Direi di sì, ma, curiosamente, nessuno ne parla (forse perché troppo tecnici, come amano ripetere i paladini del ‘consumo consapevole’)?
E venendo all’indicazione dell’origine dei prodotti: quale valore aggiunto viene fornito alle condizioni che abbiamo esemplificato? Sì, sinceramente mi sfugge.
Vi è però un altro argomento portato dai sostenitori dell’indicazione d’origine in etichetta: quello della tutela dei prodotti nazionali.
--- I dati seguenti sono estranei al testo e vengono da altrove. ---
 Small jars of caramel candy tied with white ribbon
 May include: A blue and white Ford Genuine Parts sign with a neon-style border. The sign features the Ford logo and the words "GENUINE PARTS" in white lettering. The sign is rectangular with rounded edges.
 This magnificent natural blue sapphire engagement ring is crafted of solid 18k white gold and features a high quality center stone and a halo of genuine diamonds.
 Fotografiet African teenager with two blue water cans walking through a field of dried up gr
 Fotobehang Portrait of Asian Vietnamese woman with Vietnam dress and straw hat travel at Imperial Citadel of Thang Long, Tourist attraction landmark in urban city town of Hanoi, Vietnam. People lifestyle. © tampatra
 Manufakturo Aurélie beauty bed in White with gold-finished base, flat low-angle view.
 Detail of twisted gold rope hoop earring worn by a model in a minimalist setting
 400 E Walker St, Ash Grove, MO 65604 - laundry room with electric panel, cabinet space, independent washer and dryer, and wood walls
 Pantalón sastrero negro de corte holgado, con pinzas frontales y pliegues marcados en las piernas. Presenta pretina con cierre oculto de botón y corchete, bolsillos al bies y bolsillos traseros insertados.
Il ragionamento parrebbe questo:
a) il consumatore italiano preferisce prodotti italiani, fabbricati con materie prime italiane, ma
b) se non c’è una legge che impone di indicare l’origine, difficilmente è lo sforzo e quindi,
c) al consumatore italiano , non potendo individuare l’origine, viene impedita una scelta consapevole, ecc. ecc.
Ammettiamo pure che il punto a) sia vero (se non altro per spirito patriottico …): il problema non è questo.
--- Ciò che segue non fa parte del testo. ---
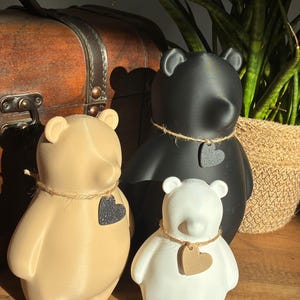 Pu&ograve; includere: Tre statuette di orso in beige, nero e bianco, ciascuna con un'etichetta a forma di cuore e una collana di spago. Gli orsi sono disposti su una superficie di legno, con un baule vintage e una pianta in vaso sullo sfondo.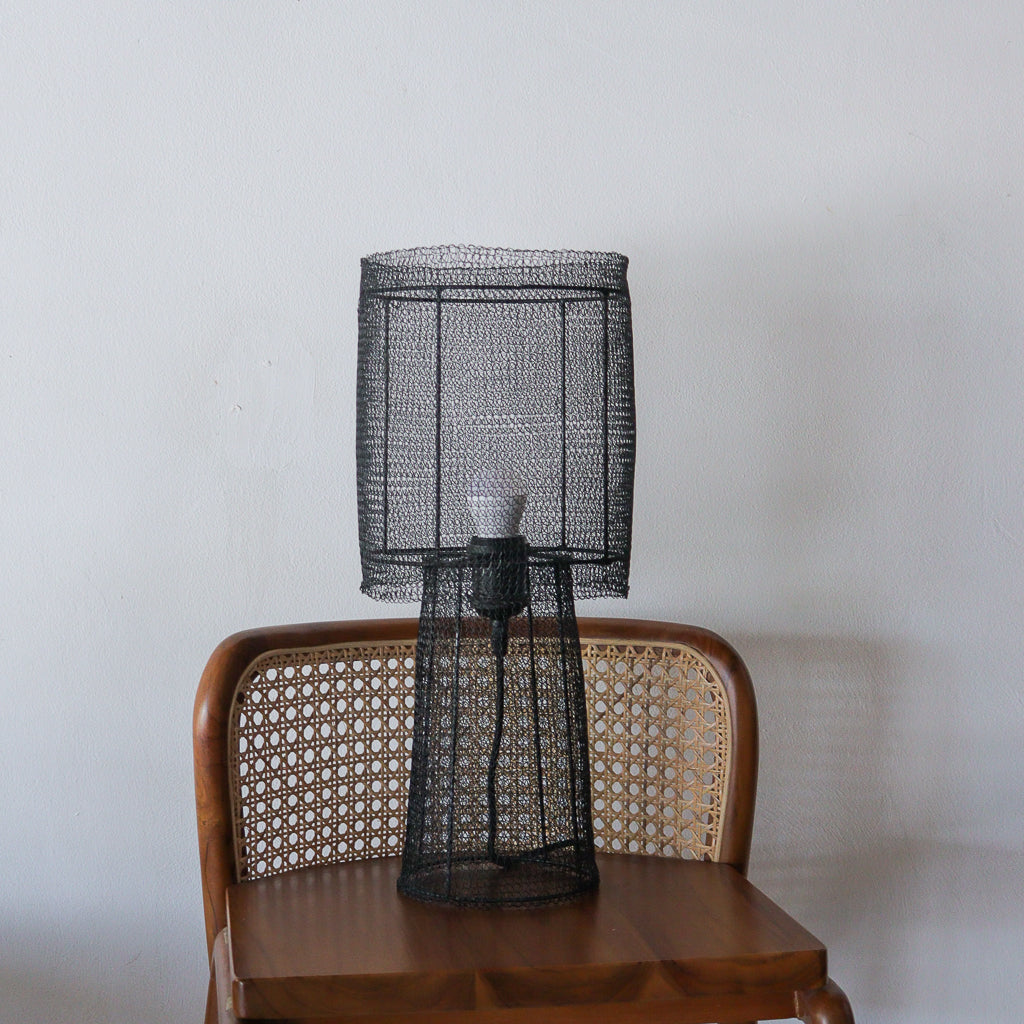 Black wire mesh lamp on a wooden chair against a plain wall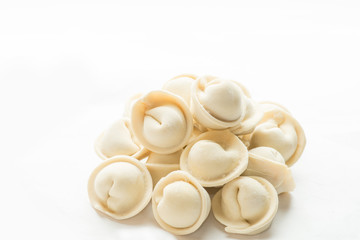 Fototapeta na wymiar heap of frozen dumplings on a white background. Isolated Dumplings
Qualcuno si sente di affermare che, prescindendo da ogni altro fattore, un prodotto fabbricato con materie prime italiane sarà sempre migliore di uno fabbricato con materie prime straniere?
Io no
E non è forse vero che un’industria seria e competente riuscirà ad ottenere prodotti accettabili anche partendo da materie prime non eccellenti, mentre un’industria mediocre (o peggio) non potrà che ottenere prodotti mediocri (o peggio), anche partendo da buone materie prime, originariamente originarie delle materie prime stesse?
Secondo me, sì.
Federalimentare:
“Introdurre l’obbligo di indicare nelle etichette dell’origine dei prodotti e dei relativi ingredienti – secondo la Federazione aderente a Confindustria – non aggiungere nulla in fatto di sicurezza degli alimenti, snaturarebbe il pensiero stesso di“ made in Italy ”alimentare, che si basa non tanto sull’origine delle materie prime, quanto sulla “ricetta”, sulla capacità di lavorazione, sulla cultura della produzione di qualità e sulla tariffazione lievitare i costi di produzione, per la continua modifica delle etichette, con inevitabili riflessi negativi sui consumatori. ”
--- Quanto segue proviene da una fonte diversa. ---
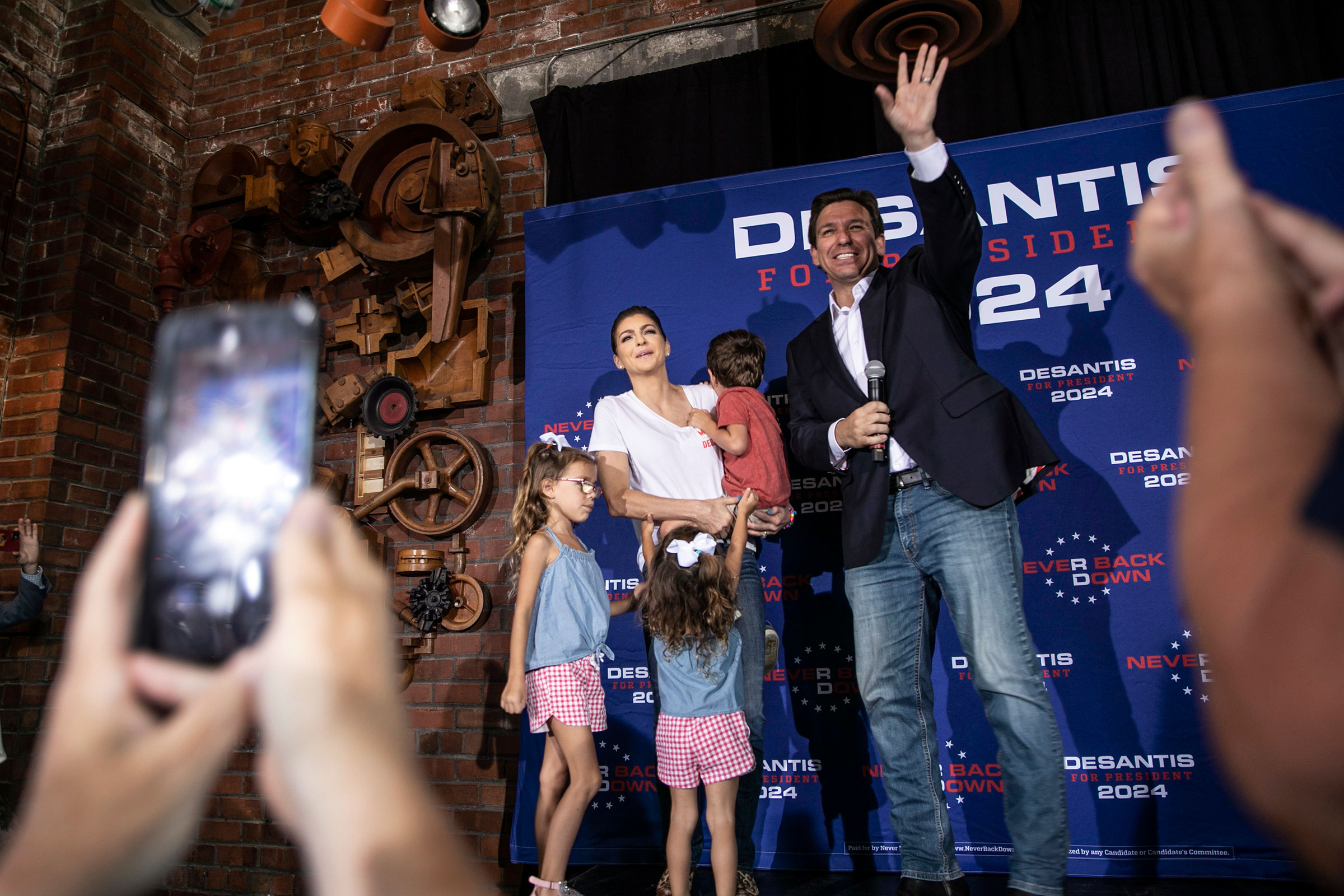 DeSantis and his family wave to audience members at Iowa River Power Restaurant in Iowa City, on Aug. 10, 2023. (Geoff Stellfox—AP)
(vedi [url = http: //www.federalimentare.it/Documenti/dossieretichette.pdf] Dossier Etichette
Certo, se fossimo produttori di materie prime italiane (es. Allevatori, agricoltori, ecc.) O anche Associazioni che hanno il contratto di tutelarne gli interessi, i ragioni per garantire l’indicazione obbligatoria dell’origine nell’etichetta le avremmo, e ben chiare.
Ma questa, come direbbe Lucarelli, è un’altra storia.